6: Menghubungi Layanan Pemulihan Data Profesional

Jika Anda tidak berhasil mengembalikan data yang terhapus di Android Anda menggunakan metode-metode yang telah dijelaskan sebelumnya, Anda dapat menghubungi layanan pemulihan data profesional. Layanan ini biasanya ditawarkan oleh perusahaan pemulihan data yang memiliki keahlian khusus dalam mengembalikan data yang hilang atau terhapus dari perangkat Android. Namun, perlu diingat bahwa layanan ini dapat cukup mahal dan tidak selalu dapat menjamin pemulihan data yang sukses.

🔴 BACA JUGA:  10 Cara Menambahkan Link di Instagram Story di Android

Untuk menggunakan layanan pemulihan data profesional, ikuti langkah-langkah berikut:

      1. Cari perusahaan pemulihan data yang terpercaya dan memiliki ulasan positif dari pengguna sebelumnya.
      2. Hubungi perusahaan pemulihan data melalui telepon atau email untuk mendiskusikan masalah Anda dan mendapatkan informasi lebih lanjut tentang proses dan biaya pemulihan data.
      3. Setelah berbicara dengan perusahaan pemulihan data, ikuti instruksi yang diberikan untuk mengirimkan perangkat Android Anda atau media penyimpanan yang terkena dampak ke mereka.
      4. Biarkan perusahaan pemulihan data melakukan proses pemulihan data yang diperlukan. Proses ini dapat memakan waktu tergantung pada kompleksitas dan tingkat kerusakan data.
      5. Setelah proses pemulihan selesai, perusahaan pemulihan data akan mengirimkan hasilnya kepada Anda dan memberikan informasi tentang data yang berhasil dipulihkan.

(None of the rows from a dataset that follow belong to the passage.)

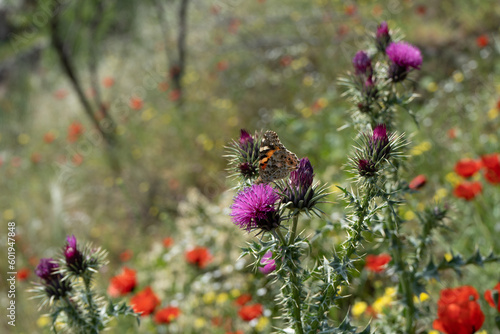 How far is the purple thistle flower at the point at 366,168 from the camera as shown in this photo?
3.85ft

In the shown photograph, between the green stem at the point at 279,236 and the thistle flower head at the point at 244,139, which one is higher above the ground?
the thistle flower head at the point at 244,139

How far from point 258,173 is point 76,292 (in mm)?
790

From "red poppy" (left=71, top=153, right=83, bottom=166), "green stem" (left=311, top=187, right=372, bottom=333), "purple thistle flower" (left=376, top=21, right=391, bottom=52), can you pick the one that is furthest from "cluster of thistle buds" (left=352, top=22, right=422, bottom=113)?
"red poppy" (left=71, top=153, right=83, bottom=166)

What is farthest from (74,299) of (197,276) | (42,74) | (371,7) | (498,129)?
(42,74)

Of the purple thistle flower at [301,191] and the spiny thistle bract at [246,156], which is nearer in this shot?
the purple thistle flower at [301,191]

Harap diingat bahwa menggunakan layanan pemulihan data profesional tidak selalu menjamin pemulihan data yang sukses dan dapat menghabiskan biaya yang cukup besar. Oleh karena itu, sebaiknya pertimbangkan opsi ini sebagai langkah terakhir jika metode-metode sebelumnya tidak berhasil.

PENUTUP

Itulah beberapa cara untuk mengembalikan data yang terhapus di Android Anda. Dari menggunakan fitur pemulihan bawaan di perangkat, menggunakan backup data, mengakses akun Google Drive, menggunakan aplikasi pemulihan data, hingga menghubungi layanan pemulihan data profesional, Anda memiliki beberapa opsi untuk memulihkan data yang hilang atau terhapus. Namun, penting untuk diingat bahwa tidak semua metode selalu berhasil dan ada risiko kehilangan data lebih lanjut atau kerusakan perangkat Anda. Oleh karena itu, sebaiknya lakukan langkah-langkah pemulihan data dengan hati-hati dan selalu membuat backup data secara rutin untuk menghindari kehilangan data yang berharga di masa depan.

Semoga artikel ini bermanfaat bagi Anda yang ingin mengembalikan data yang terhapus di Android. Dengan mengikuti langkah-langkah yang dijelaskan di atas, Anda dapat memiliki peluang yang lebih baik untuk memulihkan data yang hilang atau terhapus dengan sukses. Tetap berhati-hati dalam mengelola data Anda dan selalu lakukan langkah-langkah pencegahan, seperti membuat backup data secara rutin, untuk menghindari masalah data di masa depan. Semoga berhasil!